Этот забег продолжался с полчаса. Мы поднимались и спускались по лестницами, заглядывали в какие-то магазины, про которые я даже не сразу мог сообразить, что там продавались. И очень обрадовался, когда мы наконец оказались на улице — только это явно был не Крещатик.
Чепак уверенно пошел к обычному на вид «москвичу» благородного канареечного цвета, сел на водительское место, дождался, когда я устроюсь рядом — и очень уверенно стартовал, влившись в поток других машин. Я вдруг понял, что понятия не имел, что он умеет водить — но, видимо, это входило в подготовку диверсантов.
Ехали мы долго. Я сначала пытался выглядывать какие-то приметы, но потом бросил эту затею — незнакомый город выглядел обычным мельтешением каких-то зданий, улиц, бульваров и домов. Но потом он свернул в небольшой проезд и припарковался у солидного шестиэтажного дома сталинской постройки.
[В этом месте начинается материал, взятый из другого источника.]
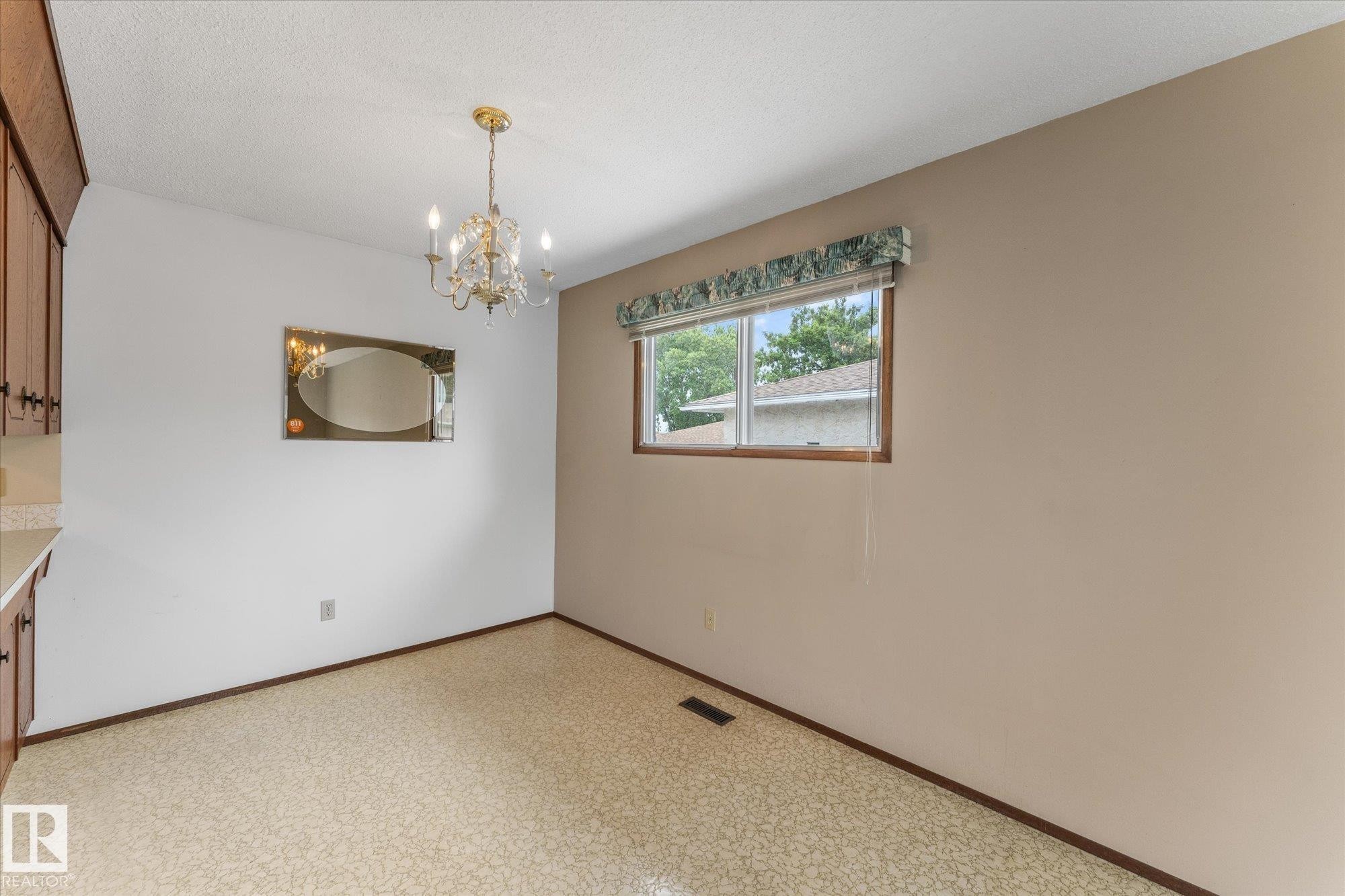 11008 162A Avenue, Edmonton, AB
Впрочем, похожих зданий в Киеве было множество.
— Ну вот и доехали, — удовлетворенно сказал он.
Я демонстративно огляделся по сторонам и равнодушно спросил:
— Где мы, Трофим Павлович?
— Где надо, Виктор, — он оставался серьезным.
— И всё же?
Он внимательно посмотрел на меня.
— Эх, молодежь, молодежь… Тут я теперь живу, квартиру мне дали, на три комнаты, вон её окна, — он показал рукой куда-то наверх, но я даже не стал уточнять.
Мне очень хотелось рассмеяться. Трофим Павлович Чепак не отказался от своих привычек, даже сменив три полковничьи звезды на одну большую генеральскую и переехав из глубоко провинциальных Сум в столичный Киев. Он был наглядной иллюстрацией к максиме, что бывших диверсантов не бывает. Он вообще, на мой взгляд, застрял где-то в 1944-м году и не торопился оттуда уходить.
— То есть вы меня просто в гости позвали? — спросил я.
— Почти… — Чепак чуть поморщился. — Помнишь наш разговор о Макухине?
— Который из двух?
— Второй, разумеется, в первый раз ты как слепой кутенок был.
— Помню.
— Помнишь, ты сказал, что не разрабатывал Макухина?
— Да.
— А как ты без разработки узнал, что на Украине есть целая сеть незалежников?
[1] Герой этого не знает, просто пользуется устоявшимся в нашем будущем термином «канадское зерно». На самом деле СССР покупал зерно в нескольких странах, и Канада была не на самом главном месте — первой была Австралия, потом Аргентина, Франция и лишь затем Канада. Что касается объема закупок, но они были не очень большими — в 1970-м в СССР собрали 180–190 млн тонн, а закупали 20–25 млн тонн. Другое дело, что покупали зерно высшего сорта, которое сами производить не могли — в том числе и в качестве посевного фонда.
[2] песню «Червона рута» написал композитор Владимир Ивасюк, он участвовал вместе со «Смеричкой» в её исполнении на «Песне-71». «Водограй» тоже была его авторства; всего он написал больше сотни песен, работал и со «Смеричкой», и с Ротару. Был найден повещенным в 1979 году, посчитали самоубийством; уже в независимой Украине его смерть расследовали дважды, но в итоге без особых доказательств заявили, что композитора повесил КГБ.